Adattamento ai cambiamenti climatici
Magonza, capoluogo dello Stato federale, è una delle città tedesche più soggette a stress termico, a causa della sua posizione nella Fossa del Reno Superiore e nell’area del Reno-Meno, nonché per la sua struttura urbana densamente popolata, sviluppatasi nel corso della storia, con scarse aree verdi.
La tutela del clima locale gode, dalla metà degli anni '80, di ampio consenso nell'amministrazione, in ambito politico (Comitato consultivo per la protezione del clima dal 1994) e tra i cittadini. I risultati delle perizie tecniche, le indicazioni dei piani specialistici di ecologia climatica e le raccomandazioni e misure che ne derivano vengono presi in considerazione e rispettati nei processi di pianificazione.

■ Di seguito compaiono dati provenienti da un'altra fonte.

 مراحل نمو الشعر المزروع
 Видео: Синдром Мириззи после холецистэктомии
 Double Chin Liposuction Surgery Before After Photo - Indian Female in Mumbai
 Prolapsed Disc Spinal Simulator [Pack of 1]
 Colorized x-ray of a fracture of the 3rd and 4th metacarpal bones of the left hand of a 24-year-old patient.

Nell'ambito del progetto "KLIMPRAX" (2013-2020, direzione del progetto: HLNUG) è stato confermato l'attuale carico termico a Magonza ed è stato previsto il cambiamento climatico atteso per il periodo 2031-2060, che mostra un netto aumento delle giornate estive e di caldo e, in particolare, delle notti tropicali. Sono stati identificati i gruppi di popolazione vulnerabili.

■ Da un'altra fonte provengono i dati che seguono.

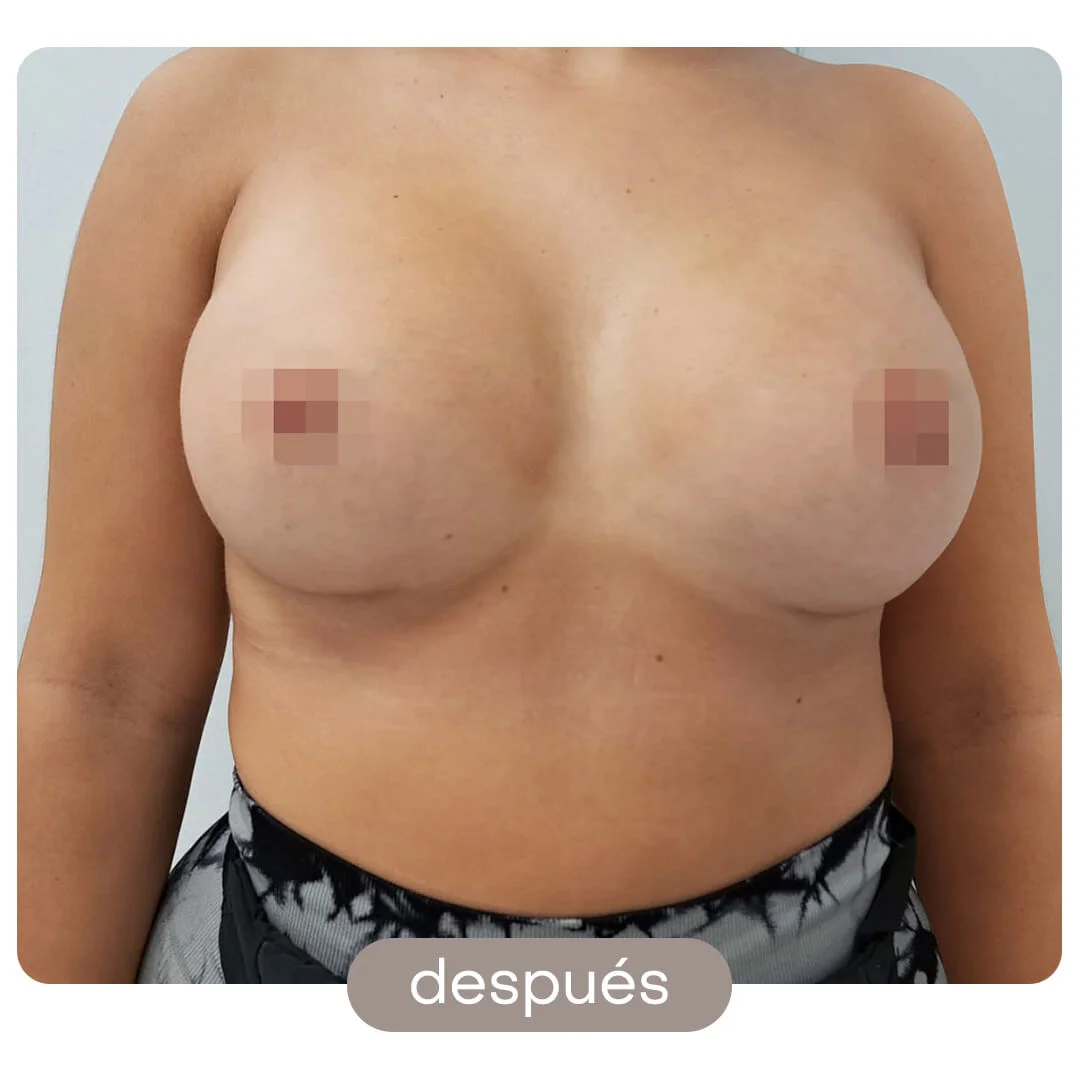 aumento pecho antes-despues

La protezione del clima globale è oggetto di attenzione sin dagli anni '90, con la redazione di bilanci e piani energetici. Dal 2016 Magonza è un comune con un piano generale per la protezione del clima al 100%. Attualmente il catalogo delle misure è stato integrato, aggiornato e perfezionato. L'obiettivo è la neutralità climatica attraverso il dimezzamento del consumo finale di energia rispetto al 1990 e la riduzione delle emissioni di gas serra del 95%. A seguito della delibera del consiglio comunale sullo "stato di emergenza climatica", Magonza punta alla neutralità climatica entro il 2035.
Magonza ha riconosciuto che sono necessarie sia misure volte a contrastare il riscaldamento globale, sia misure di adattamento ai cambiamenti climatici. È necessario elaborare una strategia di adattamento ai cambiamenti climatici.

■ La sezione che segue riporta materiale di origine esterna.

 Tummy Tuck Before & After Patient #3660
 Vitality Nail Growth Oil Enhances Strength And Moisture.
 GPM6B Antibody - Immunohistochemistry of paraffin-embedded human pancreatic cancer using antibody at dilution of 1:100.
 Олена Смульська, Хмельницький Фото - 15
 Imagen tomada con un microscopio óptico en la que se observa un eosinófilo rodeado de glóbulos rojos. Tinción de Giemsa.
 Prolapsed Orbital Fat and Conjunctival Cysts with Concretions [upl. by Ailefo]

L'obiettivo è quello di collegare le singole misure esistenti, ad esempio quelle del piano paesaggistico, della strategia sulla biodiversità e della pianificazione urbanistica, con misure nuove e ulteriori, nonché di identificare e colmare le lacune.
Partecipazione e comunicazione, sensibilizzazione, pianificazione, consulenza, cooperazione e collaborazione interdisciplinare sono elementi fondamentali del progetto.